However, Judge Tatel added, "just as attorney-client communications made for the purpose of getting advice for the commission of a fraud or crime serve no public interest and receive no privilege, neither should courts protect sources whose leaks harm national security while providing minimal benefit to public debate."
A question seldom asked is how did Valerie take the news when she learned of Novak's column.
"She felt like she had been hit in the stomach," her husband Joe Wilson said on the October 30, 2005, 60 Minutes program. "It took her breath away," he said.
"She recovered quickly because," Wilson explained, "you don't do what she did for a living without understanding stress."
"And she became very matter of fact right afterwards," he said, "started making lists of what she had to do to ensure that her assets, her projects, her programs and her operations were protected."
"Did she realize then that her career as an undercover agent for the CIA was over? " interviewer Ed Bradley asked Wilson.
"Absolutely. Sure," he replied. "There was no doubt about it in her mind."
"And she wondered for what, " he added.
Fitzgerald and Libby's lawyers are currently fighting over Libby's discovery requests for a wide variety of documents. In a January 9, 2006 letter to Libby's legal team, Fitzgerald responded to a request for documents that assess the damage caused by the outing, and wrote: "A formal assessment has not been done of the damage caused by the disclosure of Valerie Wilson 's status as a CIA employee, and thus we possess no such document."
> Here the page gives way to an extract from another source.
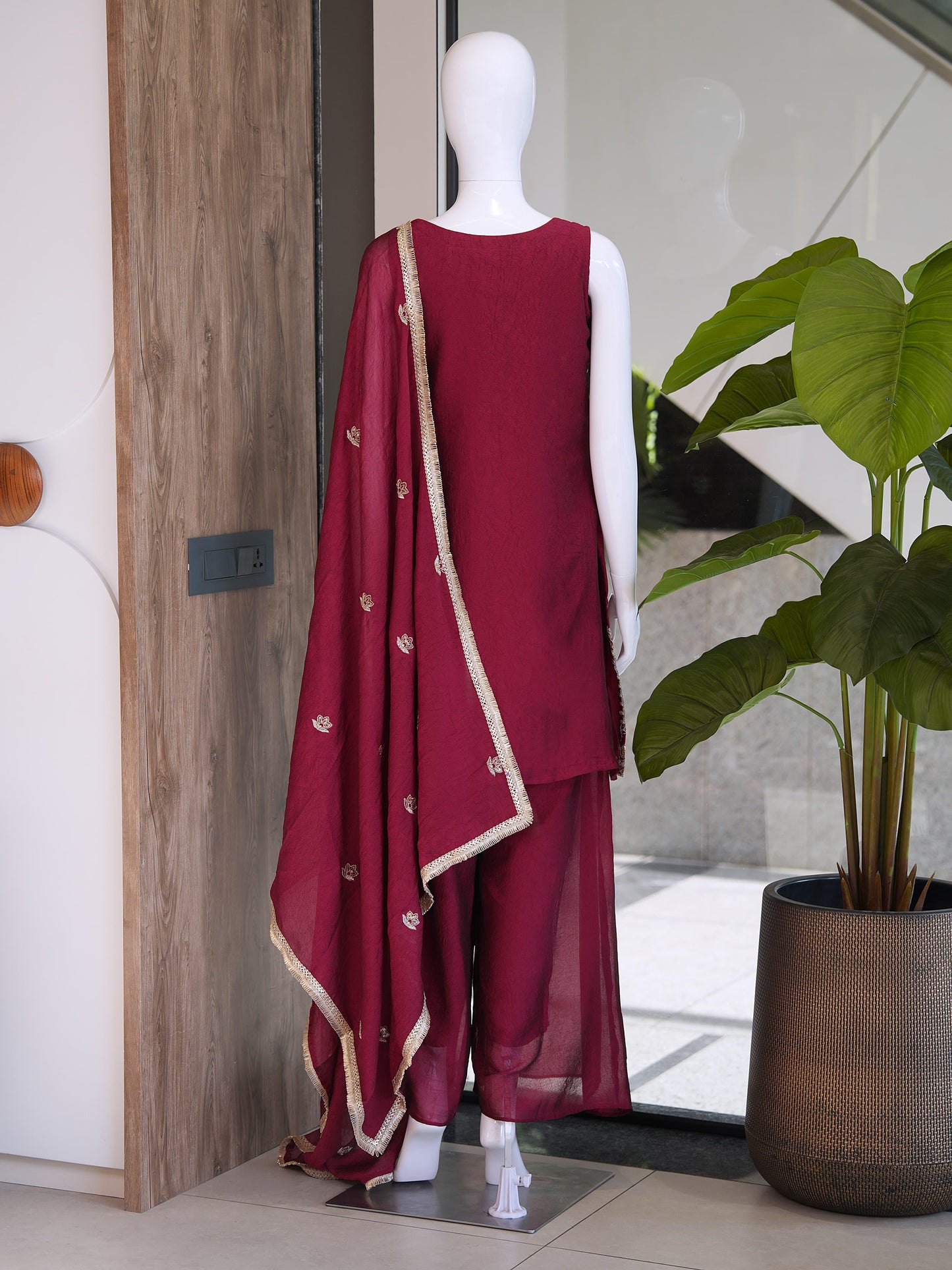 Evara Elite Designer Rangoli Crush Embroidered Kurta Palazzo Set with Heavy Embroidered Dupatta for Women (Wine & Purple)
"Moreover," Fitzgerald said in a brief filed in the case, "the publication of any informal assessment of actual damage caused by the leak could compound the damage by disclosing intelligence sources and methods."
However, 3 intelligence officials speaking on the condition of anonymity to Larisa Alexandrovna, of Raw Story, said that while undercover, Valerie was involved in identifying and tracking WMD technology to and from Iran and that her outing compromised the identities of other covert operatives as well.
As a result, the officials said that CIA work on WMDs had been set back "ten years."
When the Libby indictment was handed down and it became known that Rove had definitely participated in blowing Valerie's cover, 16 former CIA and military intelligence officials petitioned Bush to suspend Rove's security clearance and Bush refused to grant their request.
After it became public that Rove was involved in the leak, on July 15, 2005, ninety-one Democrats in Congress signed a letter to Bush calling for Rove to explain his role in the leak or to resign, and 13 Democrats on the House Judiciary Committee called for hearings on the matter.
To this day, Karl Rove remains unpunished and still has security clearance.